ものを借りるさいのあなたの習慣についてはなんといえますか
3,000年ほどの昔のこと,一群の男たちが,とある川沿いの木々を伐採していたころ,ある男のおのの刃が柄からぬけて川の中に落ちました。その事故にあった男は,すっかり取り乱して叫びました。「ああ,わが主よ,これは借りたものです」。その不運な木こりにとってそれはまさに自分のおのを失ったよりもはるかに重大な問題でした。なぜなら,借りたものを今や返すことができなくなったからです。a
これは今日ものを借りる人の多くが感じるところとはなんと異なるのでしょう。借りたものを使う場合,それが他の人のものであるゆえに,いっそう気を使うどころか,あまり気にかけない人が少なくありません。たとえば,借りたときほどの良い状態にしないで道具を返す人がいます。学生や本好きの人で借りた本をよごしたり,ひどい場合には,中にいろいろ書き込んだりする人がいます。図書館に行くと,借りた人が書き込んだり,あるページや,あるいは何ページかを切り取ったりした本さえしばしば見かけます。
また,借りたものを返そうとしない悪い習慣をもっている人も少なくありません。あなたはどうですか。庭道具や自動車用具を近所の人から借りて返そうとしない人がいるかと思えば,借りた花びんやなべ,あるいはじゅうたんの掃除機のことをすっかり忘れる主婦もいます。上衣やかさを借りて,あとで返そうとしない若者もいます。

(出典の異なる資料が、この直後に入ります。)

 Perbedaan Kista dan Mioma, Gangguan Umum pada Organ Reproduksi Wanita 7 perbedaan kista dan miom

ものを借りるさいのこうした悪い習慣の背後にあるのはなんですか。当人は借りたものを取得するつもりなのでしょうか。まずそうではないでしょう。が,ある物品を所持するのに要する費用を支払うもしくはそれに伴う責務を負うのを好まないばっかりに,ものを借りる人がいます。そうすると,これは人間の弱点ですか。無分別それとも実際には一種の利己心が問題ですか。それは確かに,人にしてもらいたいと思うとおりに人にもそうするということではありません。(ルカ 6:31)借りたものを返さない人は非常に悪い人間とみなされることをご存じでしたか。それは真実です。霊感を受けた昔の詩篇作者ダビデ王が,「あしき者はものかりて償はず」としるしているからです。―詩 37:21。

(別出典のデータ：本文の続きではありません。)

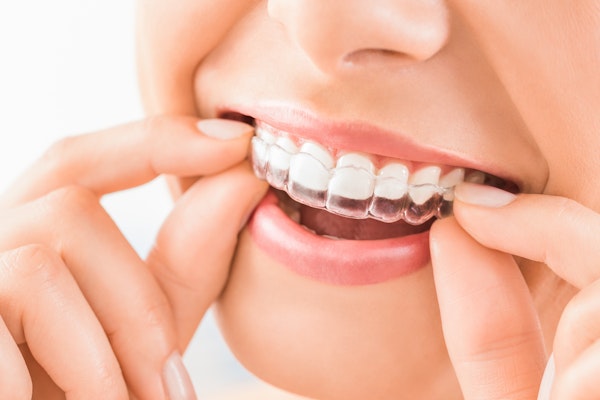 Close up of woman putting on Invisalign Express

緊急の場合などの例外があるにしても,原則として,借りないようにするのが最善の策です。この点で聖書は,「汝等……何をも人に負ふな」という良い助言を述べています。(ロマ 13:8)緊急の場合か困った時でもなければ,ものを借りて義務を負うようなことをせずにすますほうが賢明です。しかし,どうしても,借りなければならない場合には,節操の人であることを表わしてください。
まず第一に,だれから借りるかという問題があります。ちょっとした知人から借りるのではなく,単に自分の必要としているものを持っているという以上に多くの共通点を持っている人から借りるべきです。この点,クリスチャンは仲間の兄弟たちからものを借りるさい,クリスチャンの友情を乱用しないよう注意すべきことをここでクリスチャン証人に警告するのは賢明と考えられます。特に,新たに関心を持った人たちを利用するようなことのないよう注意すべきです。
次いで,借りるものについても気をつけてください。珍しい,あるいは貴重な物品や,所有者が感情面でたいせつにしている品物など,かけがえのない物品は借りないようにしましょう。
さらに,借りたものは必ず,そして早く返すことです。貸した人が特定の期間を明示しないならば,自分のほうでそうすべきであり,またそれを守るべきです。
何かを返そうとするさい,貸した人が不在の場合,どうすべきですか。その人の玄関先や裏庭などに置いてきてはいけません。相手が家にいるときに行って返すべきです。そうすれば,直接お礼を述べられます。あるいは隣人から再三借りてきた物品をまた借りたいと思って行ってみると相手が不在だった場合,どうしますか。勝手に借りてもかまいませんか。そうしてよいと特に言われているのでないかぎり,そうすべきではありません。
借りたものを良心的に返すことは良い関係を築くのに寄与します。この点で助けになるのは,借りたものに対する責任感です。借りたものを早く返すだけでなく,たとえ借りた時よりも良い状態ではないにしても,必ず同じ状態にして返すことにより,示された親切に対する感謝の念を表わしてください。衣類を借りたなら,洗たくしたり,ドライクリーニングに出したりして,感謝を表わしてはいかがですか。道具を借りたなら,といできれいにするか,さもなければ,借りた時同様の良い状態,あるいはさらに良い状態にさえするのを忘れないことです。主婦であれば,なんらかの事情で,うっかりして切らしてしまい,砂糖や卵,バターその他のものを借りたなら,借りたものを,都合のつきしだい返すだけでなく,少し余分に足したり,クッキーかくだもの,あるいは菓子などを少し添えて感謝を表わしてください。借りたものに,いわば利子を添えて返すなら,友情をほんとうに強められます。それは感謝の念を表わすものであり,人びとは感謝を示す人に尽くすのを好むからです。
今考えてみてください。ものを借りて,まだ返さずに持っていますか。そうでしたら,ぜひさっそく,今日にでも返してください。
[脚注]
a 聖書の列王紀略下 6章1-7節,口語。